Non-entry rescue should be your default plan for vertical entries. It's faster, safer, and doesn't put rescuers at risk.
**Entry rescue** is necessary when non-entry rescue is impractical (horizontal entries, complex space geometries). If you're relying on entry rescue, the rescue team must:
- Be available within a response time that's appropriate for the hazards
- Be trained in confined space rescue procedures
- Have the equipment to perform the rescue safely
- Practice the rescue at least once every 12 months using simulated conditions
If you're using the local fire department as your rescue team, verify that they're trained and equipped for confined space rescue. Many departments are not. And finding that out when someone is unconscious at the bottom of a tank is too late.
Contractor Coordination: The Handoff That Gets Fumbled
When contractors perform confined space work at your facility, the host employer and the contractor share responsibility. The host must:
- Inform the contractor that the workplace contains permit spaces and that entry is allowed only through a compliant program
- Inform the contractor of the hazards and your experience with the space
- Inform the contractor of any precautions you've implemented
- Coordinate entry operations when both host and contractor employees will be in or near the space
The contractor must:
- Obtain all available information about the space from the host
- Coordinate entry operations with the host
- Inform the host of the contractor's permit space program
After the work is done, the host and contractor debrief on any hazards encountered during entry. This debrief is documented.

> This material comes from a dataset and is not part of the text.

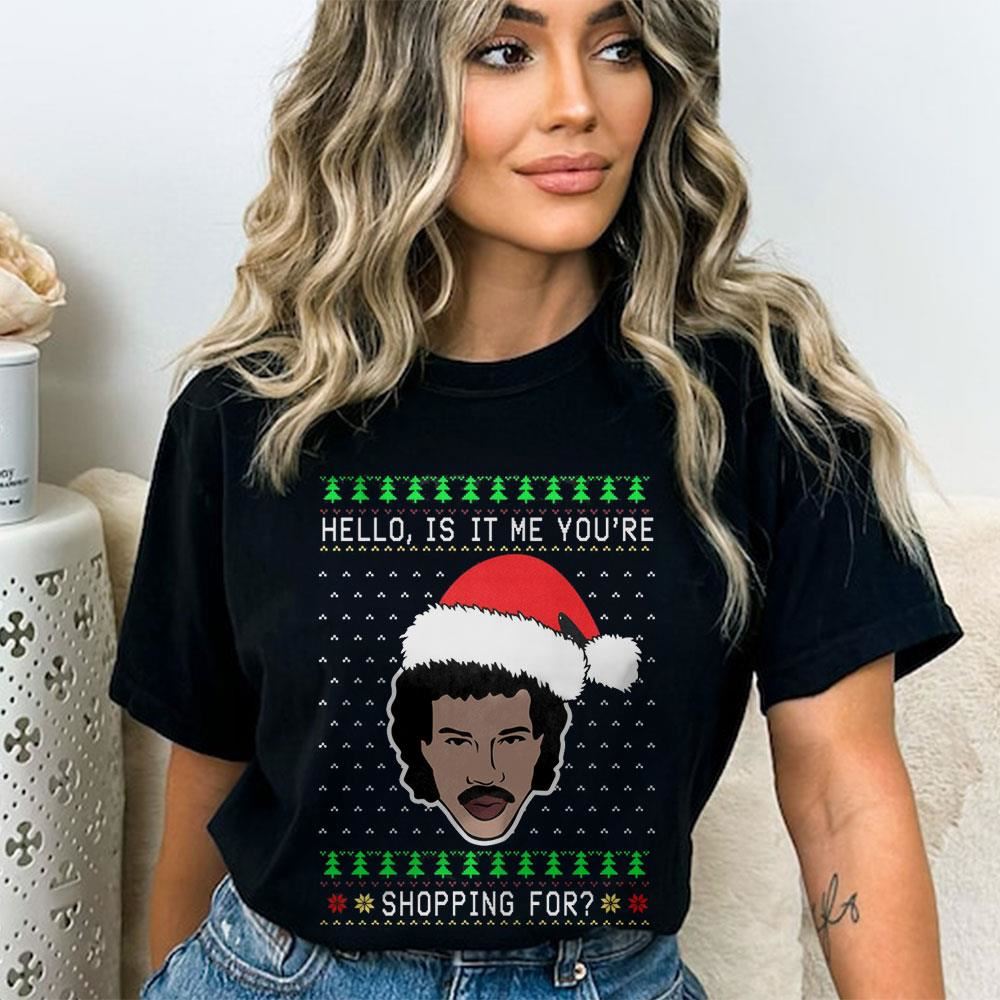 Lionel Richie Hello Ugly Christmas Sweater Lionel Richie Hello Ugly Christmas Sweater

Alternate Entry Procedures: The Exception, Not the Rule
OSHA allows alternate entry procedures — entry without a full permit — when the ONLY hazard in the space is an actual or potential hazardous atmosphere that can be controlled with continuous forced-air ventilation alone.
No engulfment risk. No converging walls. No mechanical hazards. No electrical hazards. Just atmosphere, and ventilation controls it.
If you qualify for alternate procedures, you still need documentation, atmospheric testing, and ventilation. You just don't need a full permit with all the bells and whistles. But be conservative. If there's any doubt about whether alternate procedures apply, use the full permit process.
Annual Program Review
Once a year, review your program using the canceled permits from the previous 12 months. Look for patterns. Are the same spaces causing problems? Are permits being filled out correctly? Are atmospheric readings consistently showing hazards? Is the rescue plan adequate?
Revise the program based on what you find. Document the review.
The Bottom Line
Confined space entry kills people who don't respect it. It kills entrants who work in hazardous atmospheres without testing. It kills attendants who abandon their post to attempt a rescue. It kills rescuers who rush in without equipment or training.
The 1910.146 standard is long and detailed because the hazard is serious and the consequences are fatal. Build the program. Train your people. Test the air. Station the attendant. Plan the rescue. Review it every year.
Do all of that, and your people come home at the end of the shift. Skip any of it, and you're gambling with their lives.
That's not a bet any employer should be willing to make.